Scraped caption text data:
..........

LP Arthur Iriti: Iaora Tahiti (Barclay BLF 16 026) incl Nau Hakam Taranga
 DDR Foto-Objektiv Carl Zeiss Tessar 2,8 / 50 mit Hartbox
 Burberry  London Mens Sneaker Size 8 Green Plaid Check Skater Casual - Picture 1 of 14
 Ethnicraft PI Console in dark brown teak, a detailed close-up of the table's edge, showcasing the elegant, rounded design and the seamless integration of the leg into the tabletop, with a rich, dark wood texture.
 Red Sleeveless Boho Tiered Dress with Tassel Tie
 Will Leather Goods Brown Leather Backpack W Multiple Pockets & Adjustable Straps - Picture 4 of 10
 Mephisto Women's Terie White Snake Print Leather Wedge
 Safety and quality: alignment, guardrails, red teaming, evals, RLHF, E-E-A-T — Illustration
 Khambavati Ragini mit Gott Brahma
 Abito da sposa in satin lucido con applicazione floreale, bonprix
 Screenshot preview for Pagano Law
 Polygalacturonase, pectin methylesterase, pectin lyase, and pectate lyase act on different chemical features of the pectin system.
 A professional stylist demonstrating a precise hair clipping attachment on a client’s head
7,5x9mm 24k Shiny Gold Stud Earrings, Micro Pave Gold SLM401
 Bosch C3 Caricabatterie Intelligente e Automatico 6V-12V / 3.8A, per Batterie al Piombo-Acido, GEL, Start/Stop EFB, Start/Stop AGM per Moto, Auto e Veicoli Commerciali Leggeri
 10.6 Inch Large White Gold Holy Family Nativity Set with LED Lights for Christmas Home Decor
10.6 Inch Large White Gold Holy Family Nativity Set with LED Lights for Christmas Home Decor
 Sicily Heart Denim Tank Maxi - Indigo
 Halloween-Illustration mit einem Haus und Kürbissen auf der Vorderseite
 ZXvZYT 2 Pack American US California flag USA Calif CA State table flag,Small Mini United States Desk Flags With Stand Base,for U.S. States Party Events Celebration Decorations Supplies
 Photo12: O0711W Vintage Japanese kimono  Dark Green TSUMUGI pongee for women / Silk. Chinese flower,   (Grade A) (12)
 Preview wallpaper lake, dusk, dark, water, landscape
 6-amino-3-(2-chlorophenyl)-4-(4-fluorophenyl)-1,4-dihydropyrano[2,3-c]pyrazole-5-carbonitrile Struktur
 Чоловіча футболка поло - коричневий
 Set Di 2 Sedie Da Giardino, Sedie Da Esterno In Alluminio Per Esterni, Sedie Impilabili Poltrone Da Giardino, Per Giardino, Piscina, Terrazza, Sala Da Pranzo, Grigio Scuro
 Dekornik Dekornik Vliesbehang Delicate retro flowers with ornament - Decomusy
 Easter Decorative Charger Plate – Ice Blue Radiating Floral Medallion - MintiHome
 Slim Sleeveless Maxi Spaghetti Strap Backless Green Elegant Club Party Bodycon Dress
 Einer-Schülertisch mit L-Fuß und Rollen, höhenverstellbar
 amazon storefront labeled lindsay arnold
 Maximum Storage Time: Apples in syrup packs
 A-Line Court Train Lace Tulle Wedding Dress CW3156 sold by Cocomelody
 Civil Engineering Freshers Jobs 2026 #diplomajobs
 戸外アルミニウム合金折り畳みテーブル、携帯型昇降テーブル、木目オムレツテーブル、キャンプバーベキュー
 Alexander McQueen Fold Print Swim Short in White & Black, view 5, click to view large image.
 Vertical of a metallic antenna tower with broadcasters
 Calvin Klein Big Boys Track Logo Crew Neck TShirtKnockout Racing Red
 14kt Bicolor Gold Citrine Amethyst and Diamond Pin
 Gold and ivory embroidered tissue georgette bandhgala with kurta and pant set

..........

# Task objective
Print exactly the lines from the one containing "Einer-Schülertisch mit L-Fuß" through the last line of the records above, both included.

# Exercise result
 Einer-Schülertisch mit L-Fuß und Rollen, höhenverstellbar
 amazon storefront labeled lindsay arnold
 Maximum Storage Time: Apples in syrup packs
 A-Line Court Train Lace Tulle Wedding Dress CW3156 sold by Cocomelody
 Civil Engineering Freshers Jobs 2026 #diplomajobs
 戸外アルミニウム合金折り畳みテーブル、携帯型昇降テーブル、木目オムレツテーブル、キャンプバーベキュー
 Alexander McQueen Fold Print Swim Short in White & Black, view 5, click to view large image.
 Vertical of a metallic antenna tower with broadcasters
 Calvin Klein Big Boys Track Logo Crew Neck TShirtKnockout Racing Red
 14kt Bicolor Gold Citrine Amethyst and Diamond Pin
 Gold and ivory embroidered tissue georgette bandhgala with kurta and pant set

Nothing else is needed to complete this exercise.